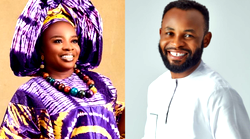 John Owonibi, Oba collaborate in new worship song ‘Olórúko Repete’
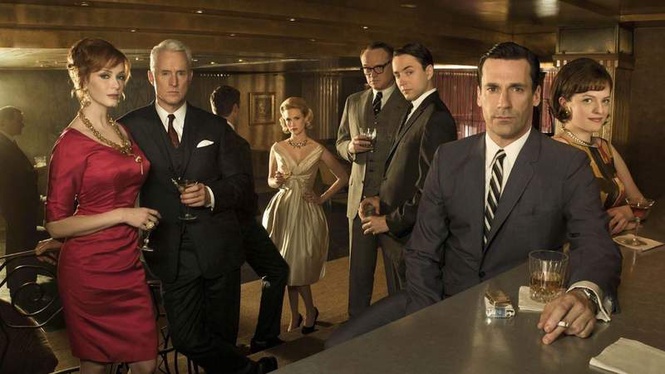Image from: If you loved Downton Abbey, here are 5 series set in 20th-century America you won’t want to miss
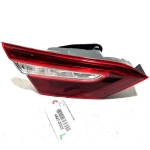 TOYOTA CAMRY 2018 - 2020 REAR LEFT DRIVER SIDE INNER TAILLIGHT LAMP OEM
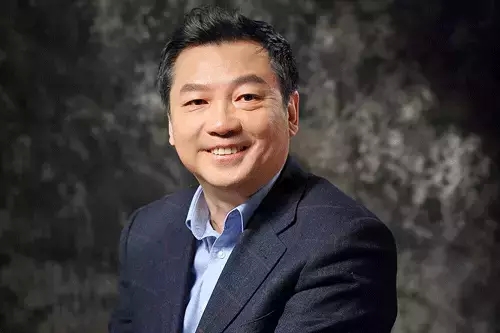 火山石资本创始合伙人章苏阳:75%的产业将被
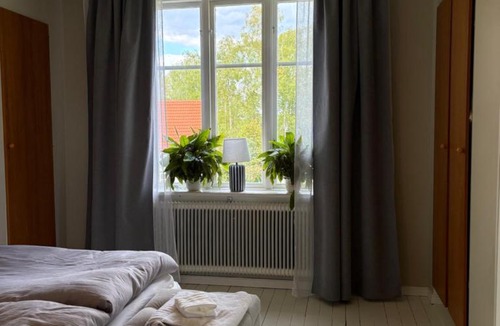 Oskarstrom Bed & Breakfast | Villa Tornhaga
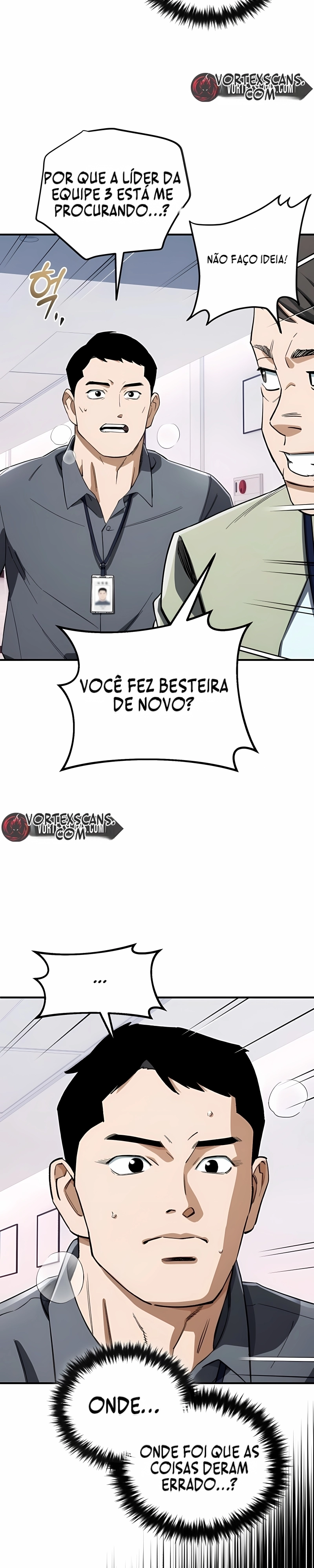 Regressed Blood Demon Capítulo 36 Página 18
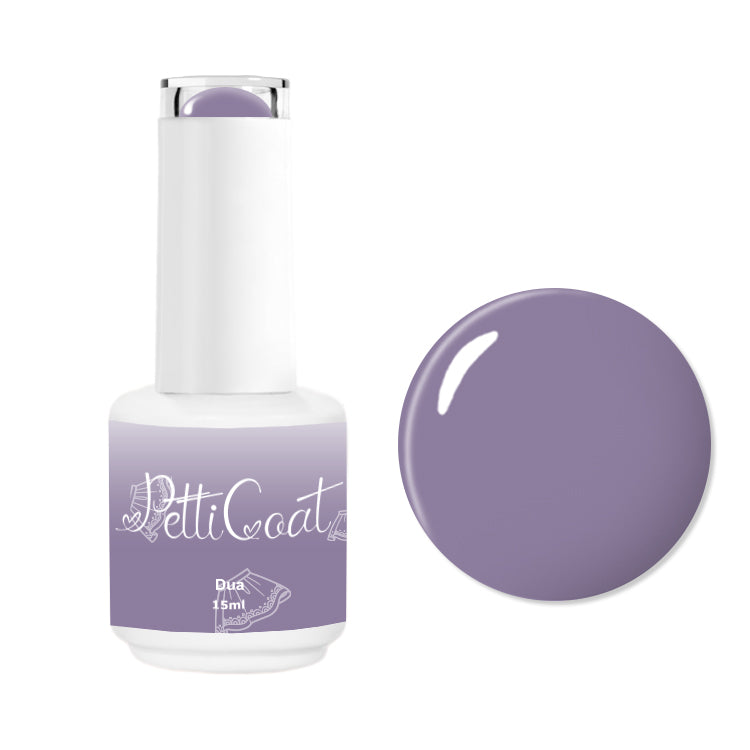 PettiCoat | ColorCoat 15ml | Dua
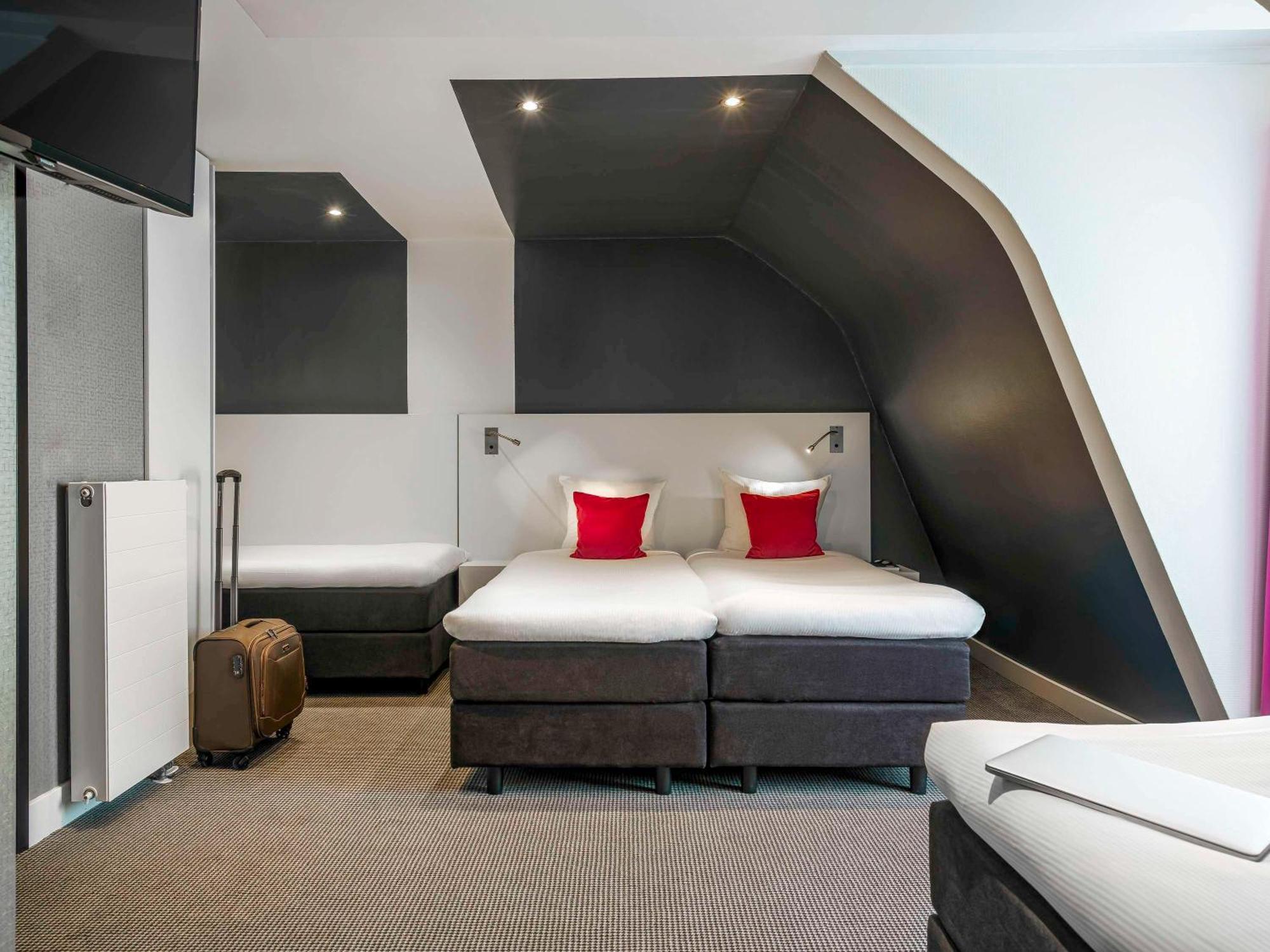 Ibis Styles Amsterdam Amstel Ξενοδοχείο Εξωτερικό φωτογραφία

= = = =

Work item
Everything from the line with "PettiCoat | ColorCoat 15ml | Dua" through the end of the records above, both ends included, is to be reproduced exactly, and nothing outside that span; the pictures are to be dropped.

Answer for the task
 PettiCoat | ColorCoat 15ml | Dua
 Ibis Styles Amsterdam Amstel Ξενοδοχείο Εξωτερικό φωτογραφία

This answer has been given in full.